The Erotic Honeymoon Pictures, Paris 1952

René Groebli and Rita Dürmüller were on honeymoon in Paris when they took a sublime album of pictures.

“I reacted with the title The Eye of Love. It puts into words what the photographic essay is all about: love. It is not about voyeuristic sex, it doesn’t exhibit my wife as an ‘object of desire”

– René Groebli, Photos of his Honeymoon in Paris, 1952

 

Honeymoon in paris

 

In 1952, Swiss photographer René Groebli and artist Rita Dürmüller were on honeymoon at a hotel in Montparnasse, Paris. The newlyweds spent their time secreted in their hotel room creating a series of photographs.

In their honeymoon pictures, Groebli’s camera tracks Dürmüller’s movements. She is often naked. He says the pictures were an “artistic approach not only to intensify the depiction of reality but to make visible the emotional involvement of my wife and of me.” Looking back he says at the picture of his wife who passed in 2013: “I still see, as I did in the early days of our relationship, her love for me and my artistic work, and my love for her.”

 

 

These are not the plastic pornography of our current age. But in 1954, when the couple’s pictures were first published, they were a sensation.

“I wasn’t really surprised by the reaction of the media,” Groebli says. “In those days only artists and people acquainted with the arts were used to nudity. Photography was not commonly perceived as an art yet and photographs of nudes were associated with pornography rather than with artful, tender erotic poesy. It was therefore not surprising that, prejudiced by common perception, the poetic photographic essay could hardly be judged by its artistic value.”

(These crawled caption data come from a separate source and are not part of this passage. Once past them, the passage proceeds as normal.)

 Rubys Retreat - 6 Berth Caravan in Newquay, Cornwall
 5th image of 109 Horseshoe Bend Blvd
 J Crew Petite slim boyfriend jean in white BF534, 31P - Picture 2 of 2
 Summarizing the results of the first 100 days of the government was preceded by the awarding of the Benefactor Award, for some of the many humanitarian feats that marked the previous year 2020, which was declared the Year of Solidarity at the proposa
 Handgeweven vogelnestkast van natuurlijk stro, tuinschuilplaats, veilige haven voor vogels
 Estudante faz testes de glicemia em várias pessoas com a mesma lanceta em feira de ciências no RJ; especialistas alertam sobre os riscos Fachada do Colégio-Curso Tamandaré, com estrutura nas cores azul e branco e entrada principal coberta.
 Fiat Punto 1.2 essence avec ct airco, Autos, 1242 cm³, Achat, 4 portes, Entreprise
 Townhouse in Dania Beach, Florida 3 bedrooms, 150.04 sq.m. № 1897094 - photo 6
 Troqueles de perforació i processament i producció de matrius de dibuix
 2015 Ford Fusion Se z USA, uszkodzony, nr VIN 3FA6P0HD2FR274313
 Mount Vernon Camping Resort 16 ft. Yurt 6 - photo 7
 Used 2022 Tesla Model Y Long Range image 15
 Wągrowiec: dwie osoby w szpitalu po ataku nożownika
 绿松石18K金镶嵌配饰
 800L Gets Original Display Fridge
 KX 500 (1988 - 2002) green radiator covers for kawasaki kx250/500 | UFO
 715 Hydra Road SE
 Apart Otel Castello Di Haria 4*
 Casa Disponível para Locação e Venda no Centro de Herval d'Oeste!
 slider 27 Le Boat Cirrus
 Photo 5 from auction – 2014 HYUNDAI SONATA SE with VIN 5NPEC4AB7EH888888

Times change. The Eye of Love series was later supported by the American photographer Edward Steichen, who invited Groebli to participate in The Family of Man, the landmark 1955 exhibition at The Museum of Modern Art in New York.

 

Honeymoon in paris 1952

 

The Eye of Love

“I reacted with the title The Eye of Love,” he says. “It puts into words what the photographic essay is all about: love. It is not about voyeuristic sex, it doesn’t exhibit my wife as an ‘object of desire’. Rita loved to create the images when we took those pictures. She took an active creative part in posing and composing. One may sense, while looking at these photographs, that she felt absolutely comfortable and, hence, acted perfectly natural. She was not an actor, but an artist helping to create scenes. The pictures are the result of a collaboration in perfect harmony.”

 

 

“My life as a photographer is all about movement. I took my first photographs visualising motion in 1946 and there was no influence from other sources. With respect to Lartigue, it must have been around 1965 that I came across his pictures for the first time. I never met him personally.”

– René Groebli

 

 

Honeymoon in paris

 

René Groebli: Movement is at Bildhalle Zurich until 31 January.